Your instructions: Below this line are records; write out exactly the lines from the one containing "Snapshot of violetcollins_" through the one containing "Used 2013 Ford", with the pictures left out.

Data under study:
◆ ◆ ◆ ◆ ◆ ◆ ◆

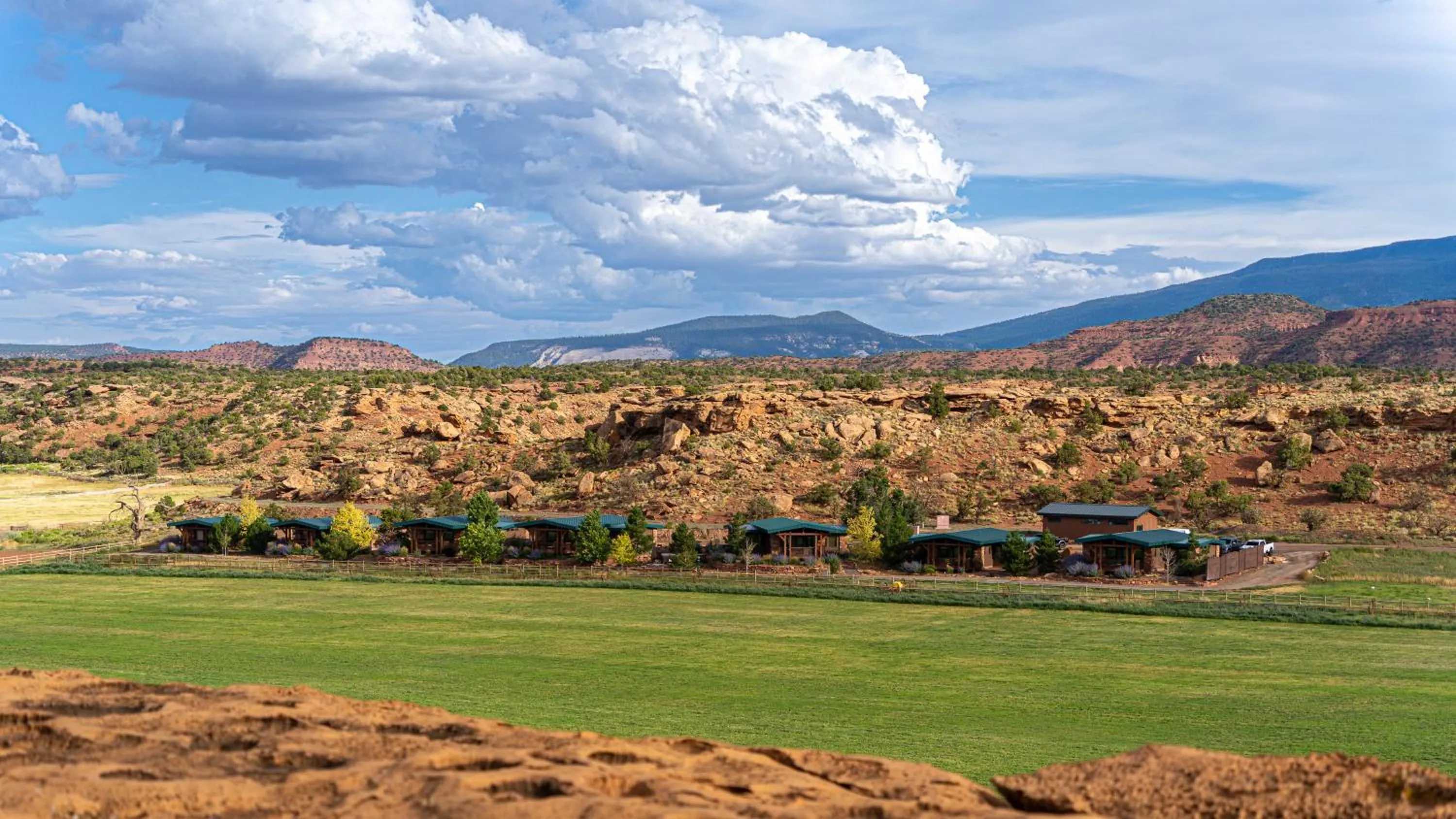 Mountain view in Cougar Ridge Resort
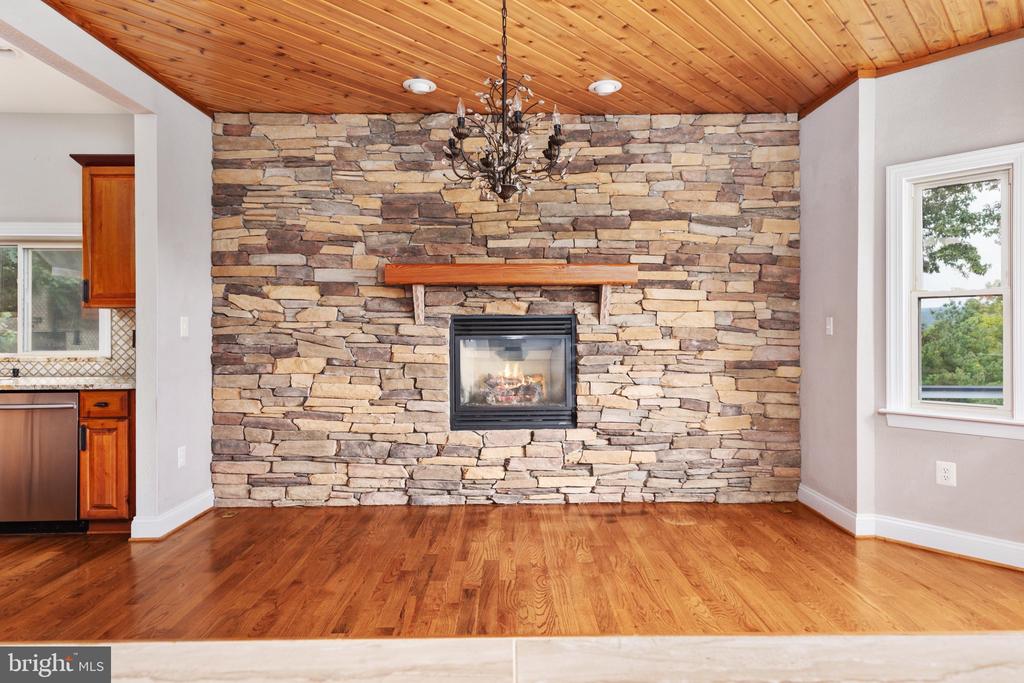 111 WATERSIDE LANE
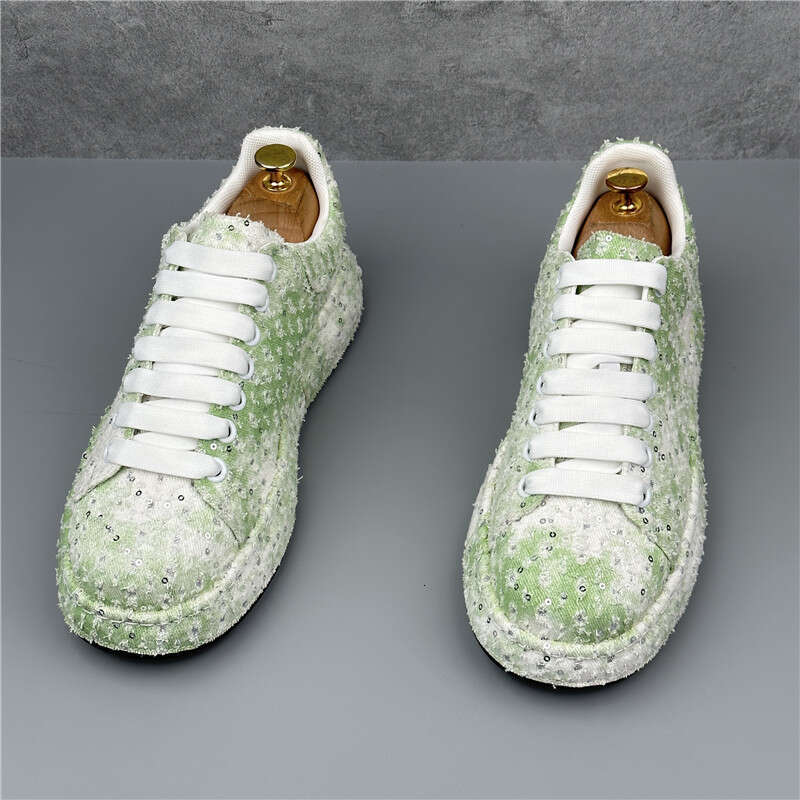 Royal Style Mens Wedding Dress Shoes Sp ring H andmade E mbroidery Pattern Exotic Designer Loafers Fashio n Casual s neaker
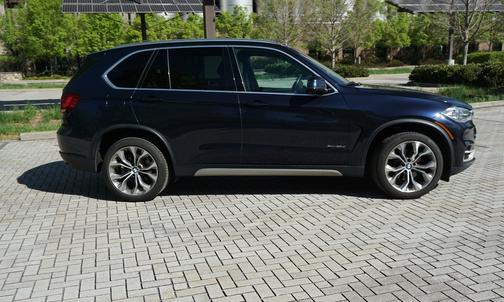 Blue 2018 BMW X5 xDrive35d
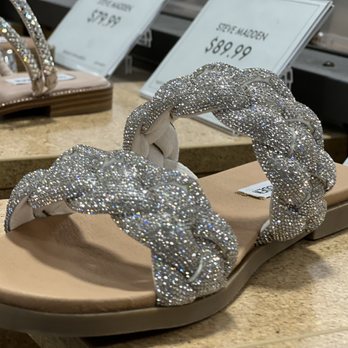 DSW - Shoe Stores Near Me - East Brunswick, New Jersey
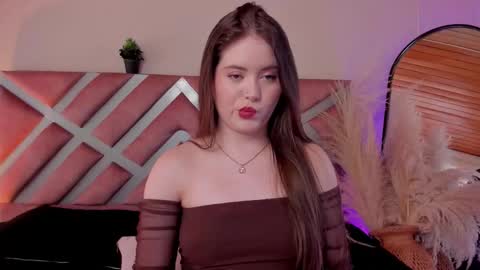 Snapshot of violetcollins_ chatting on 16, 9, 2025 Call me Violet online show from 16, 9, 2025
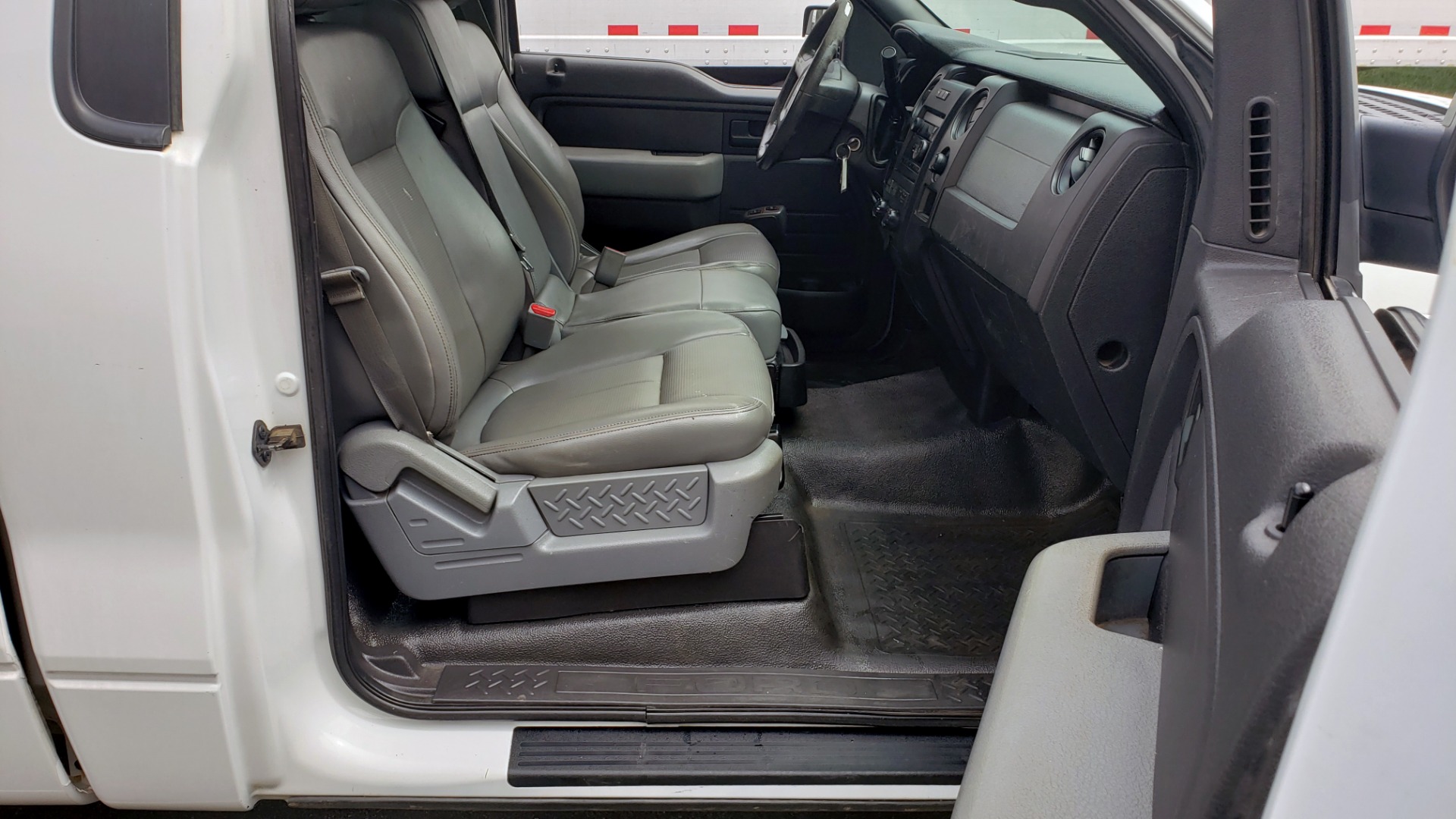 Used 2013 Ford F-150 XL / 2WD / 145 WB / 3.7L V6 / 6-SPD AUTO / TOW PKG for sale Sold at Formula Imports in Charlotte NC 28227 24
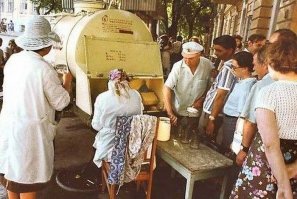 Единственный напиток, который мне понравился, это был первый советский пепси-кола. Я его попробовал в "чайной" в Армии в 1979 году, когда был в учебке в Алуксне. Его привозили и производили в Эстонии, в бутылках 0.33 литра. В Риге тогда пепси ещё не было. До сих пор вкус помню. А сейчас это не пепси, а моча. При совдепии продавался настоящий "живой" хлебный квас и что творилось по рассказам внутри бочки мало кого интересовало, потому что он был по настоящему вкусным. Лимонады были натуральными, из концентрата, спиртовой эссенции, углекислого газа и воды. То же и с пивом. Правда разливное пиво в больших бочках было не ахти какое вкусное. Мы чаще ездили в специализированный киоск от пив завода, куда пиво завозили, вначале в деревянных бочках, в которую вставлялся кран, а чуть позже в металлических бочёнках. Это было уже совсем другое пиво, как бутылочное, но тоже живое, потому что в то время оно долго не задерживалось.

◆ ◆ ◆ ◆ ◆ ◆ ◆

Solved exercise:
 Snapshot of violetcollins_ chatting on 16, 9, 2025 Call me Violet online show from 16, 9, 2025
 Used 2013 Ford F-150 XL / 2WD / 145 WB / 3.7L V6 / 6-SPD AUTO / TOW PKG for sale Sold at Formula Imports in Charlotte NC 28227 24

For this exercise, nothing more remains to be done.